I was on a brief trip to London yesterday, trying to get away from the stifling heat of the countryside, when who should I bump into but my old friend, Adrian Wardour-Street, the uncrowned king of PR. He steered me into a cool all-day bar called something like Mezzogiorno and ordered something called a schlitzer.
"Schlitzer?" I said. "Don't you mean a spritzer?"
"Nah," he said. "That's old hat. Schlitzer is this month's drink. Half American beer, half mineral water."
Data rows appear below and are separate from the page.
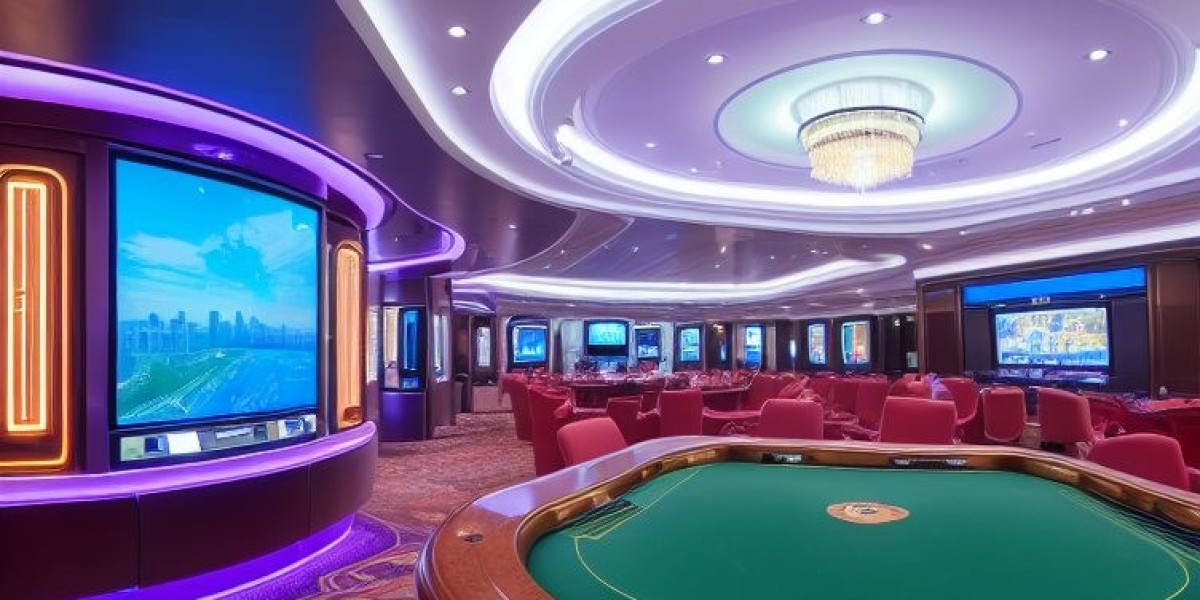 Exclusive Machine Selection at LegionBet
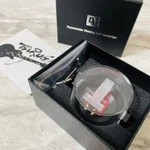 Dynavector Dv 10X5 Mkii High Output Mc Cartridge Made Japan Genuine Product. Fixed Price $779.99.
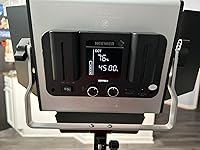 Review Image by Garrett Garrett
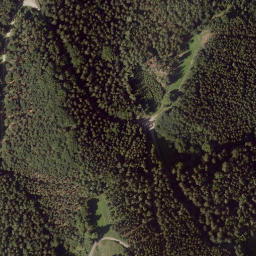 Satellite imagery of Schiffall, AT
"Sounds horrible," I said.
"It is horrible," he said. "That's the price you pay for fashion. Almost every trendy drink that I can think of is horrible. Lager and lime was horrible, especially when it was a bottle of Mexican lager with a lime stuck in the neck. Thank God that went out of fashion. Ever tried black velvet? Half Guinness, half champagne? Once ultra-fashionable? It's revolting. Mark you, I've never liked buck's fizz much. Ruin of good bubbly, ruin of nice orange juice."
I'd never known Adrian to be so honest about anything. I ordered myself an apple juice before anything worse could happen.
"So, Adrian, what's on your mind?"
"On my mind? Well, George Orwell, mostly, actually."
I'd never know the uncrowned king of PR mention a dead author before. I was shaken.
"Why George Orwell?"
"Because he was so incredibly trendy. He changed his name from Blair, as if prescient of the fact that one day it would be a dreadful name to have. He wrote a book from which two of the biggest TV programmes today take their name..."
"Big Brother...?" I said
"...and Room 101. And he also did some pioneer work on rumours."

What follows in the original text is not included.